Chronically dislocated patella

Patellofemoral instability might br a challenge sometimes. Here we present the case of a 31 year old patients who had been operated twice in the previous year. One year ago, he underwent on a tibial tubercle (TT) medialization and medial patellofemoral ligament (MPFL) reconstruction. After failure, his surgeons decided to advance the vastus medialis 6 months later. The patient showed up to my office with a chronically dislocated right patella, unable to flex more than 40º and with an absolute invalidating condition. I then performed this complex surgery, where his trochlear dysplasia was corrected with a trochleoplasty, the failed MPFL with a new reconstruction and also a large medialization of the TT.

Complex patellar instability

A 29-year-old patient with multiple predisposing factors of patellar instability is presented. In this complex case, multiple surgical techniques were performed concomitantly to restore the knee to a state as anatomical and physiological as possible. The patient used to complain of continuous recurrent dislocation, recurrent effusion, and moderate pain.
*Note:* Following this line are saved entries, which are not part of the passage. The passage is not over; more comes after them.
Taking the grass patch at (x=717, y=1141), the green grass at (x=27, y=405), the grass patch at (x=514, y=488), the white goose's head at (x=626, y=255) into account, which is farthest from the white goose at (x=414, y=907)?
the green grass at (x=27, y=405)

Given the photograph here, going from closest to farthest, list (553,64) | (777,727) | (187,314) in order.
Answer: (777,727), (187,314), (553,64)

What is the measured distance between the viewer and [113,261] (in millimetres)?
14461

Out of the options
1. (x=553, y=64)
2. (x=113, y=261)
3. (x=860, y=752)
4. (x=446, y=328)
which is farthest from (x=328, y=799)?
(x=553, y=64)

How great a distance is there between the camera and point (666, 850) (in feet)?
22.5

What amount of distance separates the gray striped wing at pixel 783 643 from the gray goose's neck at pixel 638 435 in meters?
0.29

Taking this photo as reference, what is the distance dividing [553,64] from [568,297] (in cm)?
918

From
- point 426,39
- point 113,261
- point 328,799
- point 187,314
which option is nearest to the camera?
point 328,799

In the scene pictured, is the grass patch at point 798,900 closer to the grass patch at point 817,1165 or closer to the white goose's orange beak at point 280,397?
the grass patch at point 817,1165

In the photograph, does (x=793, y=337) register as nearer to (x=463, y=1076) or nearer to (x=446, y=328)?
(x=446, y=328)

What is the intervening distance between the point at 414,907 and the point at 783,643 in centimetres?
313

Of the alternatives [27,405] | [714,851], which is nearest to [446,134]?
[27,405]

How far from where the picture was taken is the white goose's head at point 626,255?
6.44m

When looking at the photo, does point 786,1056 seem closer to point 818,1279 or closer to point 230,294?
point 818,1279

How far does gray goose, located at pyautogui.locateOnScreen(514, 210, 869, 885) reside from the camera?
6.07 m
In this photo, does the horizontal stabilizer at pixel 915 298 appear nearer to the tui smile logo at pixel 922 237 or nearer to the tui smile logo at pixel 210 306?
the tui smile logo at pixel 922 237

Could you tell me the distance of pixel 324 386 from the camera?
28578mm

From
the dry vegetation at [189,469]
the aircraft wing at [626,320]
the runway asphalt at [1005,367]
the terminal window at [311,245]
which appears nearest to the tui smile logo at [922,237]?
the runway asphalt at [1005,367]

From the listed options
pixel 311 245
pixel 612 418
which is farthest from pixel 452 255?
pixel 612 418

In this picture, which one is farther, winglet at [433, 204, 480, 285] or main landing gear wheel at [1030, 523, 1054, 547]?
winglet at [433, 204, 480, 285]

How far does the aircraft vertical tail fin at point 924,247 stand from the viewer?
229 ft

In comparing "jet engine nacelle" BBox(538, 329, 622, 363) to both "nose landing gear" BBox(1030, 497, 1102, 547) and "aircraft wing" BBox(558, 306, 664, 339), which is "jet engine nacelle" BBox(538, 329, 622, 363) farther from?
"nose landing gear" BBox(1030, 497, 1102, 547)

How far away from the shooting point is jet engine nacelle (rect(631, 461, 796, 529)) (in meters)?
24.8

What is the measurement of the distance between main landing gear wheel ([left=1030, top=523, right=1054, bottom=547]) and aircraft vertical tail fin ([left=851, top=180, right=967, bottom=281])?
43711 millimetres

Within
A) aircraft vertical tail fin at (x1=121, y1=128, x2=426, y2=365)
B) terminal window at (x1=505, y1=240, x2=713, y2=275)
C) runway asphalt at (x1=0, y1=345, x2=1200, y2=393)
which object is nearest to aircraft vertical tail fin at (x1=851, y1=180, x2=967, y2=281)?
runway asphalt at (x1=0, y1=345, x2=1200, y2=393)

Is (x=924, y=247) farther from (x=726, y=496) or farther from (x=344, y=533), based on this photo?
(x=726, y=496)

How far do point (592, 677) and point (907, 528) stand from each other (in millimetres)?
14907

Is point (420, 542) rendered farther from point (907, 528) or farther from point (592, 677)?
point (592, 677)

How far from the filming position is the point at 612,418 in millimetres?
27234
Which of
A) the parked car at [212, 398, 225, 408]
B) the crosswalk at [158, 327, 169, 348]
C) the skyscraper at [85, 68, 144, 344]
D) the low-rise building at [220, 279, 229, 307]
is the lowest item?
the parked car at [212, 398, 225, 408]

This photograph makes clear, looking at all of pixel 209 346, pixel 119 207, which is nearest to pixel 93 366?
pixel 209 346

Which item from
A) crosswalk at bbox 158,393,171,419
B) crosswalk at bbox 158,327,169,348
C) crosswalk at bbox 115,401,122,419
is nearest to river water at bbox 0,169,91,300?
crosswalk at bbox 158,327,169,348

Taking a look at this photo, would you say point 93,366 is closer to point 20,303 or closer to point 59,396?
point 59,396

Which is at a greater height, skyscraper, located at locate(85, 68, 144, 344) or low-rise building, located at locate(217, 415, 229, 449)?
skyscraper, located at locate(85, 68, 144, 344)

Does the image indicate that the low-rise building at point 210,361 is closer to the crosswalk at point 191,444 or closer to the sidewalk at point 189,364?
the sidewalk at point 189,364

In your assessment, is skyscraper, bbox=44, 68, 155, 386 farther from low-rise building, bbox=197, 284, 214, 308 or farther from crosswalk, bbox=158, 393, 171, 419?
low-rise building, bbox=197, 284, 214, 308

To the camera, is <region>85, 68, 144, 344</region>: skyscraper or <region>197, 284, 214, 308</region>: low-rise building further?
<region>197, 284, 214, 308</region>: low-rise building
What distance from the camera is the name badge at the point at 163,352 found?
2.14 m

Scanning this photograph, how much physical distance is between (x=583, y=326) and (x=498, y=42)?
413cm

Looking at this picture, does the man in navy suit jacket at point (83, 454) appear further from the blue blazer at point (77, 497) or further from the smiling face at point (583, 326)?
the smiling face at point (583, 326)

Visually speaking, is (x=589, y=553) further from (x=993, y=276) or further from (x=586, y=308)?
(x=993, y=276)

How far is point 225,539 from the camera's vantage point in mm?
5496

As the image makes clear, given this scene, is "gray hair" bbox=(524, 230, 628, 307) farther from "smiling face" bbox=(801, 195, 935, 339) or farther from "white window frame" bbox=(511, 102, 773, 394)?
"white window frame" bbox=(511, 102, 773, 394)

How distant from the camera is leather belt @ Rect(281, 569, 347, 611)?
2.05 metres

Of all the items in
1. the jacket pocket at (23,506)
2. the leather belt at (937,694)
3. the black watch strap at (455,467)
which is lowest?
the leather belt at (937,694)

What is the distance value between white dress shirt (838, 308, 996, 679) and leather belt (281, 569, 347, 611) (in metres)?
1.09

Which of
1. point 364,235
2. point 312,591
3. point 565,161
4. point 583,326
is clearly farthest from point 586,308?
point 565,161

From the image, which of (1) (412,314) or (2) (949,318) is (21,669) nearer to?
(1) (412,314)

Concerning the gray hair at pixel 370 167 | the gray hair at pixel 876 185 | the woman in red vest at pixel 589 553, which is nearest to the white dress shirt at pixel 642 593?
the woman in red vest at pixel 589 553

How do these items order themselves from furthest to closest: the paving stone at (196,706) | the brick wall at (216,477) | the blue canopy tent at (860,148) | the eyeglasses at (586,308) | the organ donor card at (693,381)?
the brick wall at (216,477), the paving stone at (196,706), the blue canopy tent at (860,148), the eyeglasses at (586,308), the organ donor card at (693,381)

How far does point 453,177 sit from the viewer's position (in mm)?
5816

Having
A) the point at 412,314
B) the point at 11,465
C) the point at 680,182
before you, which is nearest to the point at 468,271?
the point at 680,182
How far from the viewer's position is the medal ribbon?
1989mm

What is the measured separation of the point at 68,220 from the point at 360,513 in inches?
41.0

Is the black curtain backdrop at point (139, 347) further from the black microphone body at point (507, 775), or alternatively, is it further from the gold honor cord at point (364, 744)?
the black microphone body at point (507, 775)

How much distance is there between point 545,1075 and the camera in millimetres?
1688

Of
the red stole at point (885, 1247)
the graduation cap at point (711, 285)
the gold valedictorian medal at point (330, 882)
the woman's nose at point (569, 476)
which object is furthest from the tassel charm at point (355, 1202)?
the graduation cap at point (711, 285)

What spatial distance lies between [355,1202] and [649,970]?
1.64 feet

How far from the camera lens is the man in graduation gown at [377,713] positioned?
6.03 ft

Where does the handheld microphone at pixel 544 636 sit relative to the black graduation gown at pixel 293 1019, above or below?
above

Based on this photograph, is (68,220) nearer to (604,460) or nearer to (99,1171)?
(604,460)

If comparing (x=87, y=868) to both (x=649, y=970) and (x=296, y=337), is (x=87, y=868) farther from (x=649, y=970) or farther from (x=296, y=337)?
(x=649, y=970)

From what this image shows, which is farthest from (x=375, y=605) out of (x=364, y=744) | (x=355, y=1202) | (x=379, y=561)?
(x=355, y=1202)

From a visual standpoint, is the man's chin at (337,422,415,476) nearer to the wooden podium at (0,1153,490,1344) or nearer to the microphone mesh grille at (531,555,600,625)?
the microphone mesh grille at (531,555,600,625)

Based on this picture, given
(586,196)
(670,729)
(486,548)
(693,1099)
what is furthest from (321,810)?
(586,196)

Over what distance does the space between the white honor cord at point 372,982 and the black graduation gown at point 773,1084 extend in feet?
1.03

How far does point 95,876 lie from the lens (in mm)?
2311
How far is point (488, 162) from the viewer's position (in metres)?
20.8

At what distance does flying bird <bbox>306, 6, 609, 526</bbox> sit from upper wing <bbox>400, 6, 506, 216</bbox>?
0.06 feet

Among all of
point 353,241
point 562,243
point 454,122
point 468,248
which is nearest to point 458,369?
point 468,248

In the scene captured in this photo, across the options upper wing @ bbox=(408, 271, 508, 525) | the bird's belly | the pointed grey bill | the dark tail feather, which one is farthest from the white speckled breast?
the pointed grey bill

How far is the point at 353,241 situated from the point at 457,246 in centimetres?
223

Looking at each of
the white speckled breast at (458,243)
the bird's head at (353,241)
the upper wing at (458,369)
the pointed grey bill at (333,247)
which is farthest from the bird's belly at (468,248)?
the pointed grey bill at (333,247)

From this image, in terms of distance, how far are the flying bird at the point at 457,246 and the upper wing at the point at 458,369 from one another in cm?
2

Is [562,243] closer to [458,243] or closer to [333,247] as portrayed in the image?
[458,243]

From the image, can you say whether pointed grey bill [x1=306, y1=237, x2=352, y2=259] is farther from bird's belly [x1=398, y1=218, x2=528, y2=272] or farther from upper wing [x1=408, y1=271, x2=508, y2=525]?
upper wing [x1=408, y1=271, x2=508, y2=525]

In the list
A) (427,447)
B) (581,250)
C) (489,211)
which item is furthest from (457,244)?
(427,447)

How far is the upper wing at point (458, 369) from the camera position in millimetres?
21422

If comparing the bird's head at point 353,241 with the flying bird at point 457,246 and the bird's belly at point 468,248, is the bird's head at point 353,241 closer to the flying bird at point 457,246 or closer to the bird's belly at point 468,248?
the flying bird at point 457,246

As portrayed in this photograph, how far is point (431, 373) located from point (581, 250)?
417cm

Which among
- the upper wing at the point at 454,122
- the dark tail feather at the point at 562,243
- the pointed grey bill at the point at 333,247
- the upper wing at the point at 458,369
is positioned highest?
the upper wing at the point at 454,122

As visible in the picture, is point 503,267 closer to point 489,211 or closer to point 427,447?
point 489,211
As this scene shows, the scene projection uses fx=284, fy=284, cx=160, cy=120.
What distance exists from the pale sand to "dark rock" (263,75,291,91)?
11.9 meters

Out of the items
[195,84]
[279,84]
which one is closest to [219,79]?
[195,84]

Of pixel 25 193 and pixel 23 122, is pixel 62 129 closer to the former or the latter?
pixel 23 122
Osteotomy, ACL& cartilage regeneration

In this patient, three treatments were performed in the same surgery. The patient had a chronic tear of the anterior cruciate ligament and a symptomatic genu valgus with a lesion of the cartilage in the medial femoral condyle. Therefore, a reconstruction of the ACL with semitendinous tendon, a valgus tibial osteotomy and a combination of nanofractures -to promote the filling of the chondral defect with progenitor cells of the bone marrow-, and the application of a chitosan gel in the surface of the defect -to stabilize the stem cells coming from the bone marrow- were performed.